- **WHAT TO WORK ON**: Output the full listing exactly as written, with no pictures in it.

=======

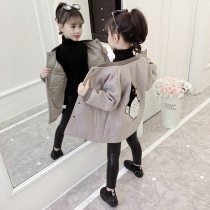 Girls autumn and winter? 2022 new Korean version of foreign air CUHK Childrens clothing Thickened Laminated Cotton Jacket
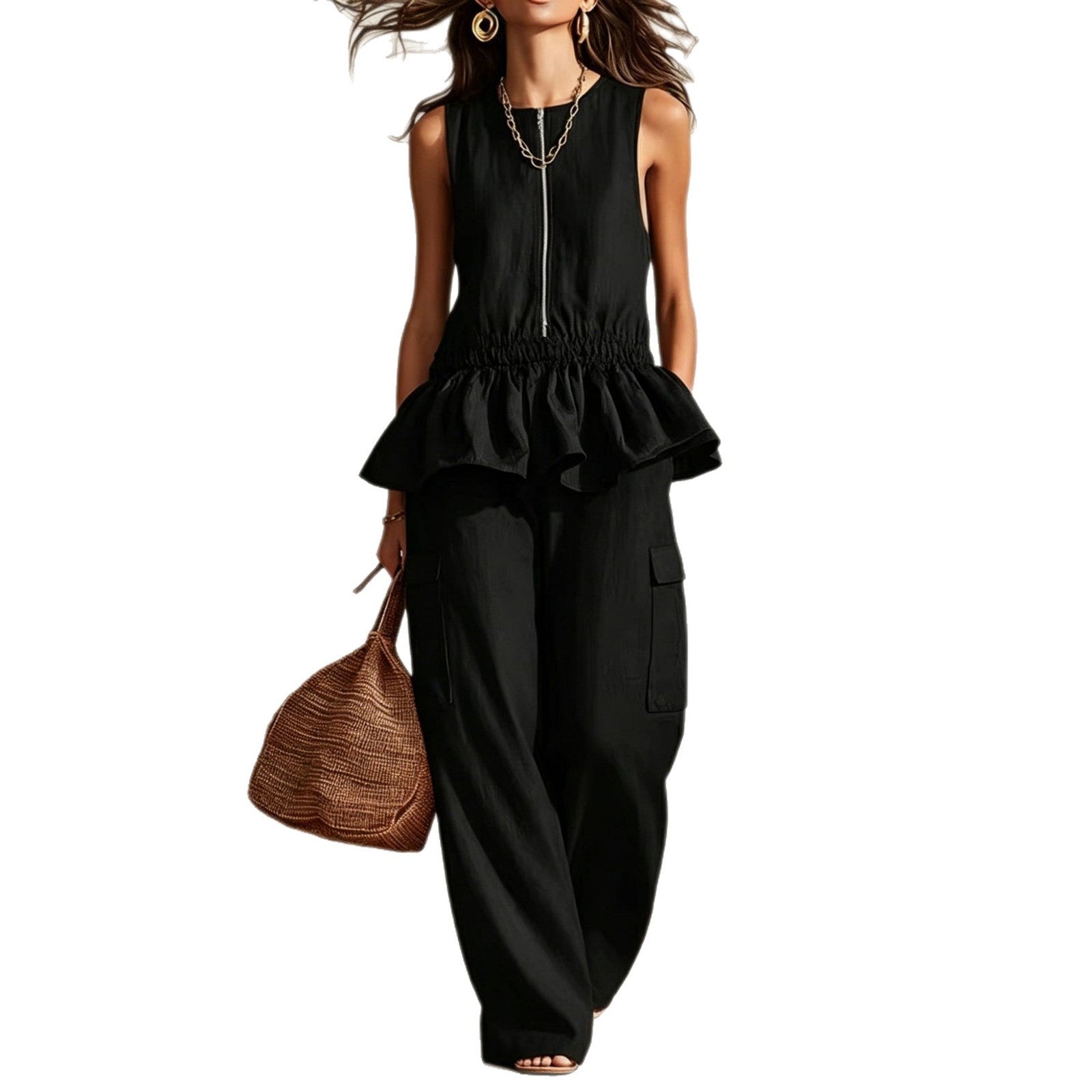 Sleeveless pleated vest wide leg pants set eprolo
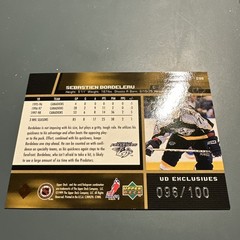 1998-99 Upper Deck – Sebastien Bordeleau #298 UD Exclusives /100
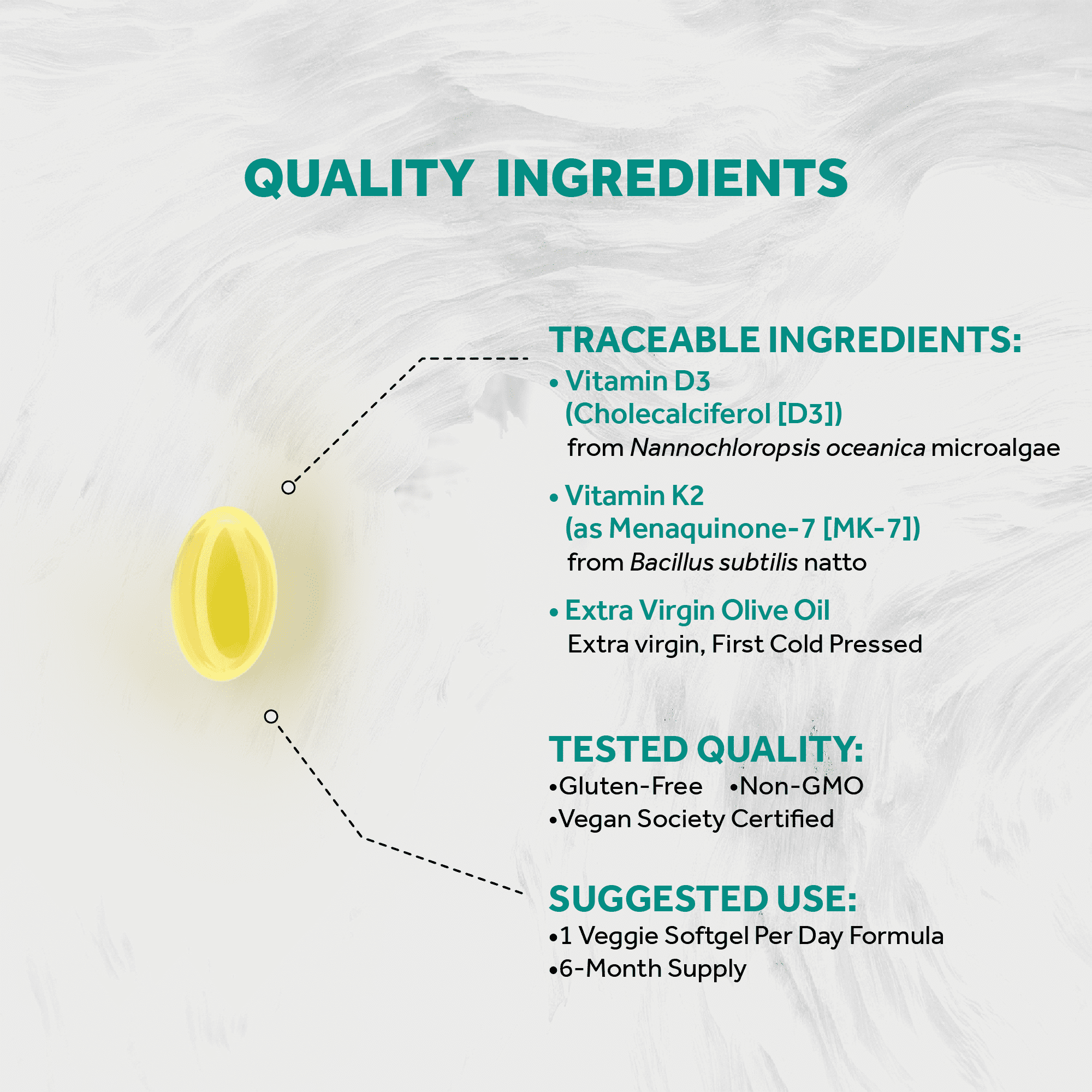 Naturalis Vegan Vitamin D3+K2 from Algae | 5000 IU D3 with 120mcg MK7 | Vegan Society Certified,Sustainably Sourced,Better Than Animal Derived | Better Support for Bone & Immune Health* | 180 Softgel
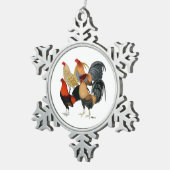 Vier Gamecocks Schneeflocken Zinn-Ornament (Rechts)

=======

- **TASK RESULT**:
 Girls autumn and winter? 2022 new Korean version of foreign air CUHK Childrens clothing Thickened Laminated Cotton Jacket
 Sleeveless pleated vest wide leg pants set eprolo
 1998-99 Upper Deck – Sebastien Bordeleau #298 UD Exclusives /100
 Naturalis Vegan Vitamin D3+K2 from Algae | 5000 IU D3 with 120mcg MK7 | Vegan Society Certified,Sustainably Sourced,Better Than Animal Derived | Better Support for Bone & Immune Health* | 180 Softgel
 Vier Gamecocks Schneeflocken Zinn-Ornament (Rechts)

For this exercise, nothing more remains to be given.